That evening, Christopher Dye sent Amy and Garrett outside to shovel gravel as punishment, Amy for taking the food and her brother for driving his car without permission. Garrett Dye told police he became angry at the girl for chattering, the records said.
"The next thing he knew, he had hit Amy four times in the head with the jack handle, and she was laying on the ground," according to a social worker's interview with a state police detective.
According to the records, Garrett told police he dragged the body into some bushes and "ran inside the home and changed into clean clothes and hid his bloody clothes."
When Amy didn't return to the home that night, the Dyes reported her missing to police, who found her body after searching the property, according to the records. Garrett Dye was charged with Amy's murder two days later.
In the months before her death, Christopher and Kimberly Dye had forced Amy to go outside in freezing weather to get clean clothes when she accidentally soiled herself because of bowel problems, according to records. After her death, police found all the drawers from her dresser containing her clothes outside on a trailer under a tarp, the records said.
The social worker's report said Kimberly Dye reportedly was tired of Amy "pooping on herself" and said "if she was going to act like a dog, she would be treated like one," according to the records.
The records also detail an incident last January in which Christopher Dye admitted that about a month before Amy's death he took her to a hotel in Clarksville, Tenn., and left her alone in the parking lot to punish her for misbehavior.
"He thought this would be a good time to teach Amy a lesson," the social worker's report said.

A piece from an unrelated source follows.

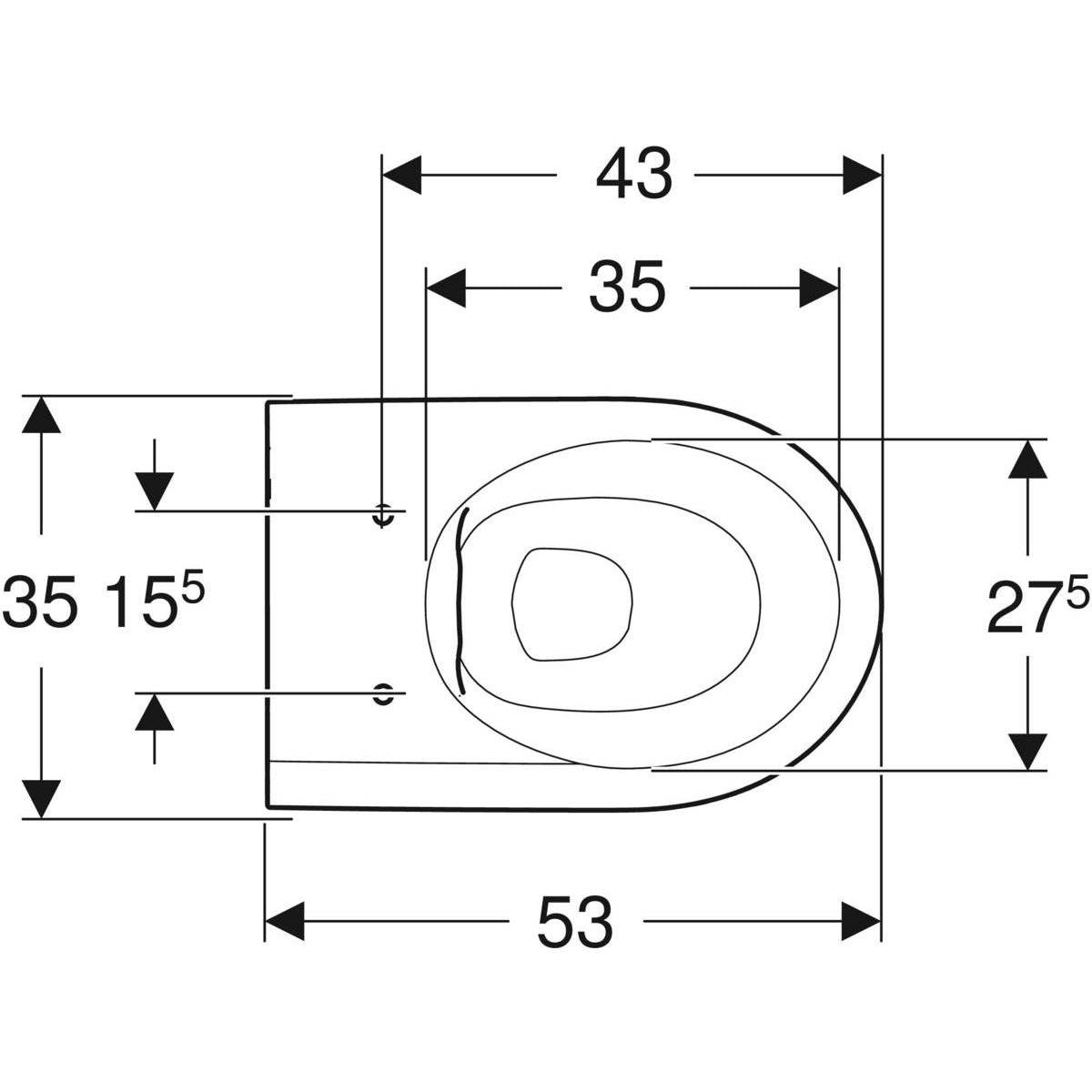 GEBERIT hængetoiletskål 355x530x330mm t/indb. cist porcelæn Ker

Christopher Dye said he only left her for about a minute, then returned and found Amy "scared, upset and crying," the records said. The records said he told Amy that if she didn't improve her behavior, "this is what's going to happen."
That incident prompted Kentucky social service officials to substantiate a finding of child neglect against Christopher Dye for being an "inattentive caregiver" and using "unusual discipline." Records show he was notified of the finding Aug. 11, six months after Amy's death. State officials closed the case with no further action planned, the records said.
Richard, Amy's grandmother, said she is haunted by thoughts of "what that poor baby went through."
And she said she still has this question: "What's going to happen to the state of Kentucky?"